Research Group Sustainable Communities

HU University of Applied Sciences Utrecht, Netherlands


Designing for a Culture of Care: A Human-Centered Approach for Safe Sport

Elite sport is often framed around performance optimization, yet its social safety remains fragile. Persistent cases of abuse and unsafe practices show that safeguarding cannot rely solely on compliance measures. What is needed is systemic cultural transformation—a shift toward a culture of care, where respect, trust, and equality underpin team dynamics.

This keynote explores why such transformation is complex by drawing on sociological concepts—power relations, normativity, and institutional logics—and connecting these to relevant theoretical frameworks. These perspectives reveal why cultural change cannot be reduced to individual behavior but requires interventions that address structural and relational dynamics simultaneously.

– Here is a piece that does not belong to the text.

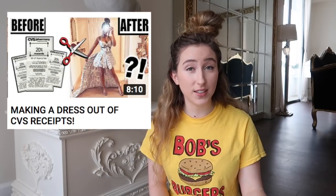Here I am in the horse statue corner of Amber's house and it's time to do a craft. So Amber recently did a video where she made a dress out of CVS receipts, and I think that's great, but I want to know how to make CVS receipts out of a dress. And so that's what I'm going to do today. So let's get started.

Building on these insights, the keynote introduces the ROCIES framework (Rose Of Culture In E/Elite Sport), which visualizes team cultures across three zones: Red (abusive/toxic), Orange (concern/risk), and Green (care/safeguarding). Moving toward green demands more than protocols; it calls for participatory processes that make cultural dynamics visible and actionable.

To operationalize this, ROCIES developed MissionMapping, a human-centered design method for navigating complex cultural change. Through five steps—collecting building blocks, creating islands, building the landscape, navigating roles and interventions, and capturing insights—MissionMapping engages athletes, coaches, and staff in co-creating a “mission landscape.” Workshops using this method foster ownership, reveal invisible structures, and enable collaborative action toward safer team cultures.

By making missions tangible and creating shared language, MissionMapping demonstrates how participatory design, visualization, and interaction can drive cultural innovation in sport. This approach aligns with the SportsHCI vision: leveraging design and interaction not only to enhance performance but to create environments where athletes thrive socially and psychologically. Safeguarding in elite sport is not a static policy but an ongoing cultural journey—one that requires active participation across micro-, meso-, and macro levels.

Biography

Froukje Smits, PhD is a senior researcher at HU University of Applied Sciences Utrecht. She holds degrees in Physical Education and Youth, Education and Society (cum laude), and has a background in teaching, policy, and applied sport research. Her work focuses on the social impact of sport, with award-winning studies on exclusion, abuse, and athlete welfare in youth sport. She brings extensive experience in interdisciplinary, practice-based research and is recognized as an expert in fostering safe sport environments and critically engaging with elite sport culture.